I have noticed something else. Readers from America who comment on my essays increasingly ask why Washington continues underwriting regional conflicts while fuel prices remain high at home. Public fatigue has strategic consequences.
Former American diplomat Martin Indyk wrote that the United States seeks to move from being the region's policeman to becoming an offshore balancer. Such a shift creates gaps. Regional powers inevitably move to fill them.
Saudi Arabia has pursued strategic autonomy with surprising speed. Crown Prince Mohammed bin Salman refused to align automatically with Washington on oil production decisions. Turkey under Recep Tayyip Erdoğan regularly follows independent policies inside NATO. Iran continues expanding influence through allied networks despite years of sanctions pressure.
Pakistan now enters this changing equation.
Some cautious commentators still describe Islamabad as a secondary actor. I disagree. Pakistan has already become the only nuclear-armed Muslim state accepted simultaneously in Riyadh, Beijing, Washington, Ankara, and increasingly Moscow. Such diplomatic geography carries enormous weight. A future regional security framework that excludes Pakistan would resemble European security architecture without Germany. Policymakers may dislike that comparison. They should still consider it carefully.
My father used to say that geography never retires. I dismissed the remark when I was younger. Age has made me less certain of many things, though not about geography.
Eurasia May Matter More Than the Gulf
Debates about Pakistan's role often focus narrowly on religion or military ties. Geography again offers the stronger explanation.
China's Belt and Road Initiative passes through Pakistan via the China-Pakistan Economic Corridor. Russia promotes a broader Eurasian security architecture that seeks deeper continental integration. Energy producers in Central Asia require access to warm-water ports. Pakistan sits directly along these routes.

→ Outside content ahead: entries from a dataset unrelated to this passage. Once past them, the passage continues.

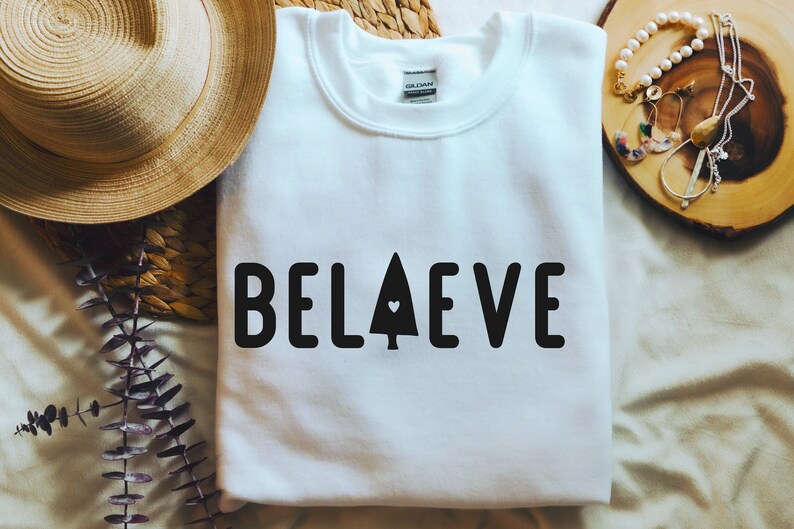 Op de afbeelding: Witte trui met het woord "BELIEVE" in zwart gedrukt, met een klein hartje in een gestileerde boom ter vervanging van de "I".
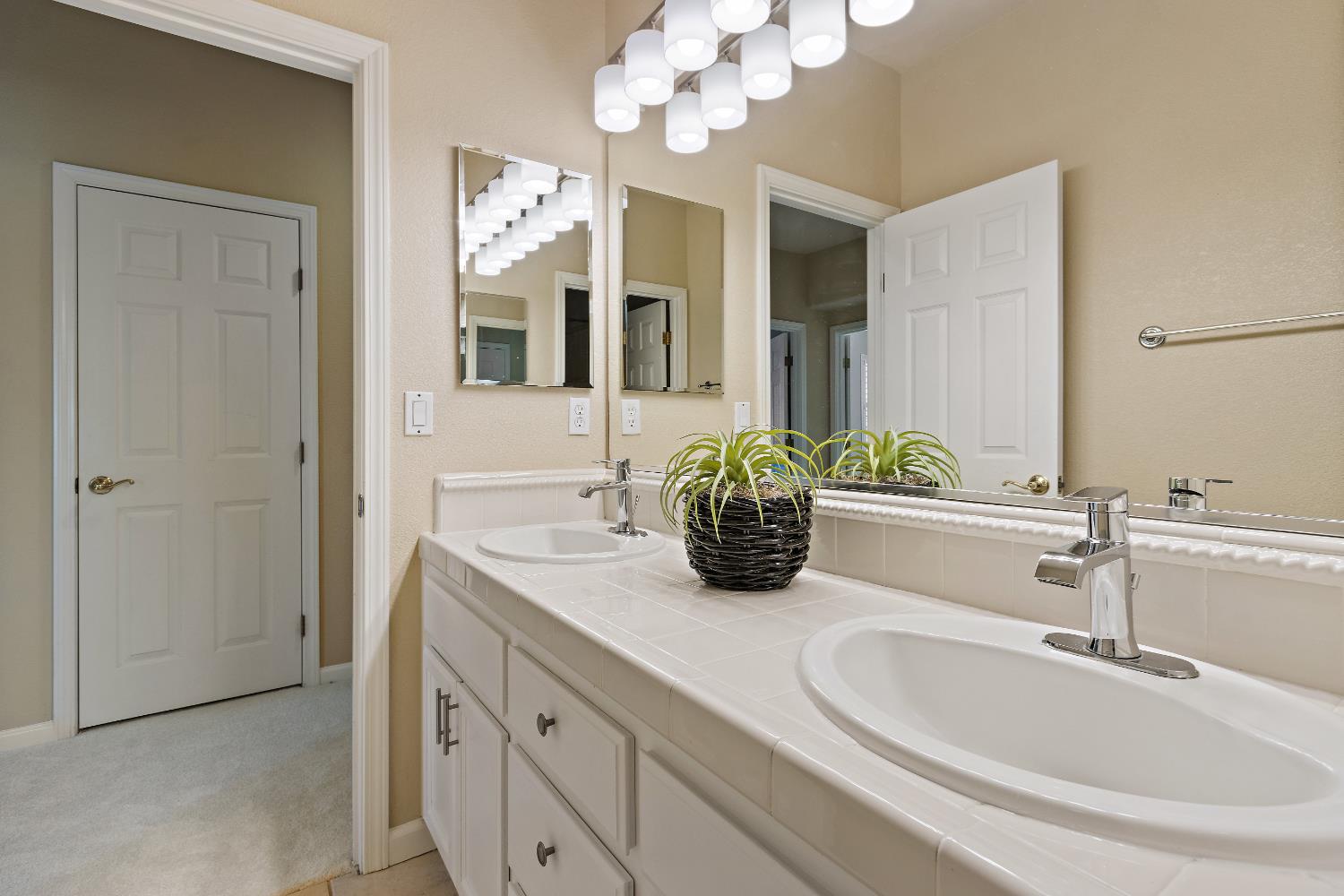 5631 Tufts Street Davis, CA 95618 - Photo 45 of 69 a bathroom with a sink double vanity and a mirror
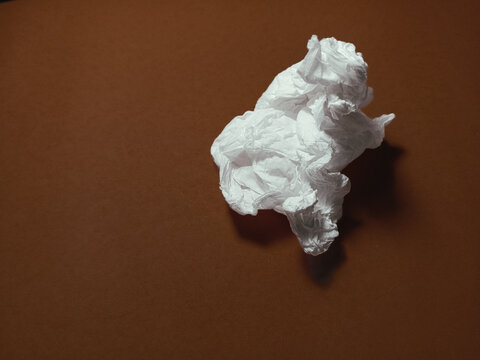 Minimalist top view of a crumpled white tissue paper on dark brown background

British geographer Halford Mackinder argued more than a century ago that control of Eurasian connectivity would shape global power. Many dismissed his ideas after the Cold War. Current developments suggest his ghost still walks through international politics.
I often think about Gwadar while reading discussions about West Asia. Most Western commentary treats the port as a local infrastructure project. Chinese strategists certainly do not. Gulf states do not either. Infrastructure creates political gravity over time, and gravity rarely announces itself loudly.
None of this guarantees Pakistani success. Economic weaknesses remain severe. Political instability persists. Terrorist violence continues along parts of the Afghan frontier. Internal fragility could still undermine every geopolitical opportunity now emerging.
Even so, I suspect future historians may identify the current period as the moment when Pakistan quietly crossed an invisible threshold. Attention remains fixed on missiles launched between Iran and Israel. Cameras follow every statement issued in Washington.
Meanwhile, diplomats keep travelling to Islamabad. Tea continues to be served in quiet rooms. Maps are being redrawn, though few people seem willing to admit it yet.